- Best practices in building data science products
This article is based on the keynote speech delivered by Dr. Rukshan Batuwita at the SLASSCOM AI Asia Summit 2019 held in November at Shangri-La Colombo
Businesses are on the lookout for new tools to pursue business growth, and create new revenue streams. Data science and machine learning are a perfect fit, especially for those businesses that look for answers to questions requiring in depth analysis of data, insights and predictions.
In this backdrop, Dr. Rukshan Batuwita elaborates on the best practices to follow in building an effective end to end data product to enhance business growth.
What is a data product?
A data product uses data to achieve an end goal. Data scientists use analytical methods such as machine learning or deep learning to analyse gathered data and come up with a solution to a defined problem. But, data science and machine learning is not a magic formula. The process of building an end to end data product is an iterative and complex one.
Building a data product – A snippet
The foremost step to building a data product involves defining a business problem. Companies need to clearly and precisely outline expectations from the project. This will help data scientists zero in on the right methodology as well as inputs to build the data model.
The next step is to collect data. Once the data is ready, the process of preparing data for modeling follows. Data scientists have to carefully plan to build the right kind of data model to help make critical business decisions.
The next step involves modeling application followed by steps to measure the effectiveness of the model or the system. Ultimately, if the model is effective, then follows productionising the model end to end.
Defining the business problem
Data science and machine learning are exciting. Companies are eager to implement a machine learning system to achieve business goals. But, it is important think deeply about why the company needs a machine learning product and AI strategy. To determine the solution that needs to be built, the company needs to carefully consider the problem that needs solving.

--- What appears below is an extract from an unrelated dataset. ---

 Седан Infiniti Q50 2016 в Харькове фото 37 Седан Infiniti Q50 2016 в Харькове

It is equally important to have the right amount of data and ultimately the required resources including the right skills, hardware and software support, time and people.
Moreover, a successful data science product pivots on real life applicability. Prior to building the solution, the company and all parties involved should consider their capacity to maintain the solution with constant upgrades, data collection, etc.

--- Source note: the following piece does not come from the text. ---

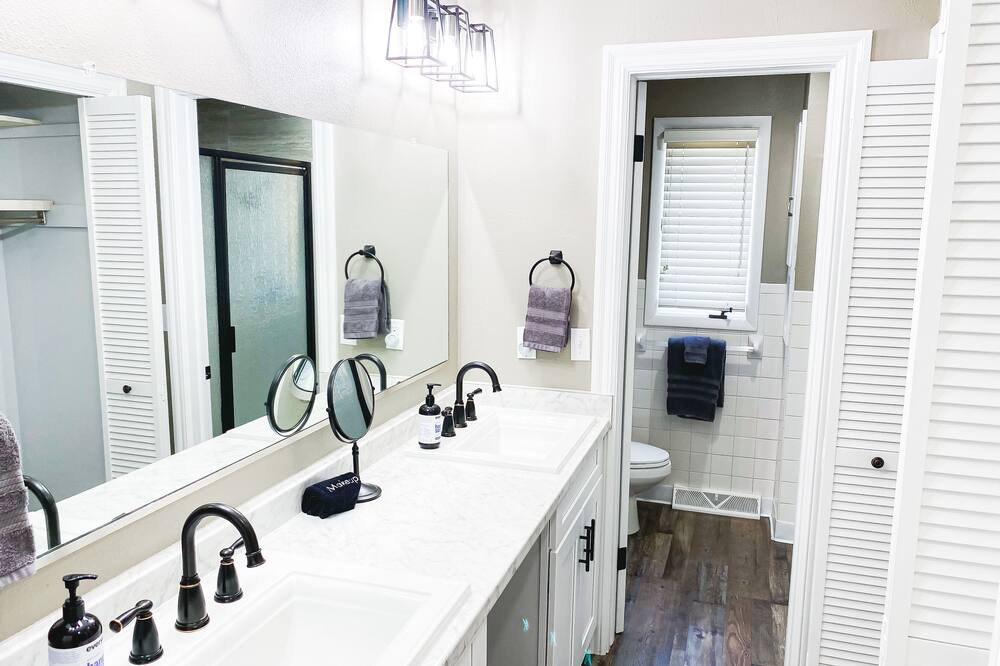 Photo of Bathroom in Monett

Designing the data solution
Data scientists can approach the designing stage in three steps.
First of all, it is important to set a quantifiable objective to achieve through building the data solution. Once they have access to a well-defined business problem, data scientists focus on converting this problem into a machine learning problem. Finally, they look into the real world constraints in implementing the product.
For example, available data may be biased in a particular case. It is imperative to go deep in to details and real world challenges before making low level decisions.

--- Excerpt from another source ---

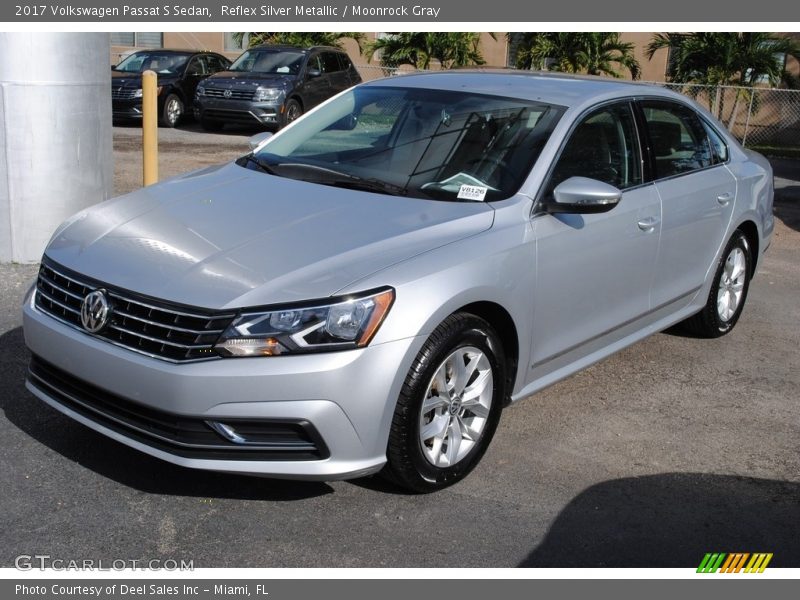 Reflex Silver Metallic / Moonrock Gray 2017 Volkswagen Passat S Sedan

Data collection and preparation
Once data scientists come up with a solution, they then look into data collection. There are two types of data, experimental data and observational data. A word of warning, observational data could often be biased, coloured by perceptions outside of reality. Biases can lead to decisions that are unfair to customers.
Once the data is in place, data scientists focus on preparing the data for analytics or machine learning. In case of building a deep learning model with unstructured data, data scientists spend 20% of effort in data preparation and 80% in data modelling. The trick is to learn features from unstructured data and the model. This is the deep learning model.
The opposite method is true in the case of building a model based on unstructured data. In such situations, data scientists spend 70 to 80% of their time preparing data and about 10 to 20% of their time on model building.
Data preparation steps
Real world data sets are messy. Often, these data are collected through different systems which lead to varying definitions. Hence, the first step in data exploration should be cleaning. Data scientists should be ready to get their hands dirty as they immerse in data. It is important to look at data in different angles to comprehend the data. This is the key to getting a good data set.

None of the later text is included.